系统具有 16GB RAM 和 RTX 4070Ti
在一个纪元后,我收到一条消息,提示它正在尝试分配 12.5 GB:
102/102 [==============================] - ETA: 0s - loss: 1.0180 - accuracy: 0.6293 - precision: 0.0000e+00 - recall: 0.0000e+002024-04-12 08:04:29.166412: W external/local_tsl/tsl/framework/cpu_allocator_impl.cc:83] Allocation of 12582912000 exceeds 10% of free system memory.
Killed
将批量大小减少到 1 并没有帮助,而且我需要能够在最多 64 的批量大小上进行训练。考虑到我的数据集较小,这应该不是问题。
模型(总参数:60130177(229.38 MB)):
def create_dual_stream_cnn_model(input_shape):
# Define the inputs for each stream
input = Input(shape=input_shape)
# Stream 1
x = Conv1D(64, 3, activation='relu', padding='same')(input)
x = Conv1D(64, 3, activation='relu', padding='same')(x)
x = MaxPooling1D(3, strides=3)(x)
x = Conv1D(128, 3, activation='relu', padding='same')(x)
x = Conv1D(128, 3, activation='relu', padding='same')(x)
x = MaxPooling1D(3, strides=3)(x)
x = Conv1D(256, 3, activation='relu', padding='same')(x)
x = Conv1D(256, 3, activation='relu', padding='same')(x)
x = MaxPooling1D(2, strides=2)(x)
x = Conv1D(512, 3, activation='relu', padding='same')(x)
x = Conv1D(512, 3, activation='relu', padding='same')(x)
x = MaxPooling1D(2, strides=2)(x)
x = Conv1D(512, 3, activation='relu', padding='same')(x)
x = Conv1D(512, 3, activation='relu', padding='same')(x)

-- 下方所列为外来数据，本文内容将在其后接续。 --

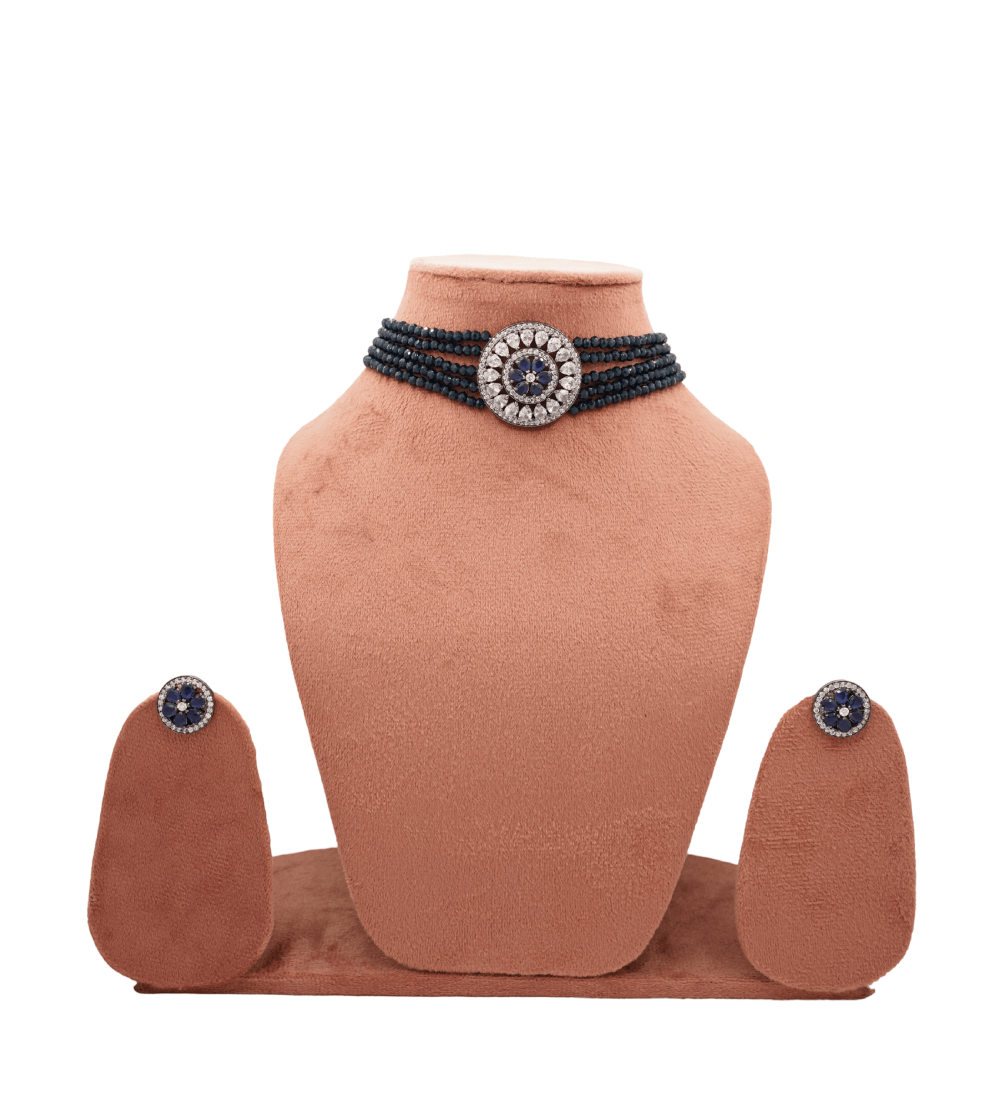 Stunning Emerald Navy Blue Necklace with stud earrings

x = MaxPooling1D(2, strides=2)(x)
# Stream 2
y = Conv1D(64, 7, activation='relu', padding='same')(input)
y = Conv1D(64, 7, activation='relu', padding='same')(y)
y = MaxPooling1D(3, strides=3)(y)
y = Conv1D(128, 7, activation='relu', padding='same')(y)
y = Conv1D(128, 7, activation='relu', padding='same')(y)
y = MaxPooling1D(3, strides=3)(y)
y = Conv1D(256, 3, activation='relu', padding='same')(y)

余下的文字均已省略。